Question

The current in the coil decreases from $10{\text{ }}Amp$ to ${\text{5 }}Amp$ in $0.1{\text{ }}\sec ond$. Calculate the coefficient of self-inductance if induced e.m.f. is $5{\text{ }}V$.

Answer 1

Hint:In the given question the values of current in the coil is given. We have to find out the difference of current in the coil. Then, by using the relation between induced emf and self-inductance we will find out the value of coefficient of self-inductance.

Formula used: $e = - L\dfrac{{dI}}{{dt}} - - - - \left( 1 \right)$ (negative sign gives the information of direction)
where $e = $ induced emf, $L = $ coefficient of self-inductance, $dI = $ change in current and $dt = $ change in time.

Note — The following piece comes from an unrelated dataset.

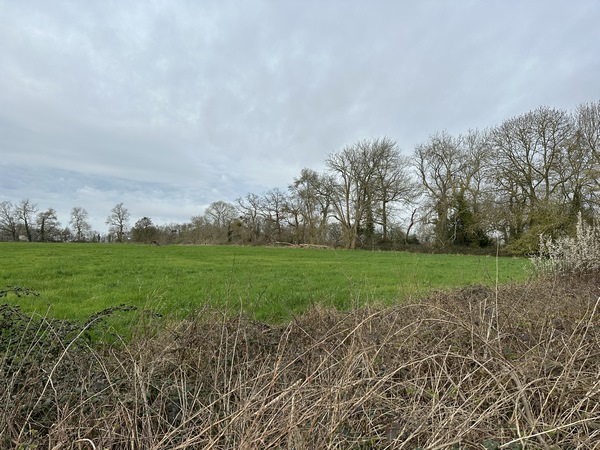A ma gauche, je peux encore voir les terres agricoles de l'ancienne ferme Lefebvre. Ces terres font baver les promoteurs de toutes sortes. Pour le moment, elles appartiennent à la commune (ZAC).&nbsp;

Complete step-by-step solution:
Induced emf (electromotive force) is defined as the generation of potential difference when there is a change in magnetic flux through the coil.
When there is a change in magnetic flux in a coil, there develops an opposite electromotive force known as self-inductance.
The relation between self-induction and induced emf is,
$e = - L\dfrac{{dI}}{{dt}} - - - - \left( 1 \right)$ (negative sign gives the information of direction)
where $e = $ induced emf, $L = $ co-efficient of self-inductance, $dI = $ change in current and $dt = $ change in time.
According to the question,
$dI = 5 - 10 = - 5$
$dt = 0.1{\text{ }}s$ and
$e = 5{\text{ }}V$
Substituting the above values in equation $\left( 1 \right)$ we get,
$5 = - L\dfrac{{ - 5}}{{0.1}}$
Arranging the equation we get,
$L = 0.1$
So, the co-efficient of self-inductance is $0.1{\text{ }}H$.

Additional information: Self inductance can also be expressed as $\phi = LI$ where $\phi = $ magnetic flux, $L = $ co-efficient of self-induction and $I = $current.


Note:It must be noted that change in current must be the value of current that became the last subtracted from the earlier first value. The unit of self-inductance is Henry. The negative sign in the formula suggests that the force of self-inductance is opposite to the induced emf.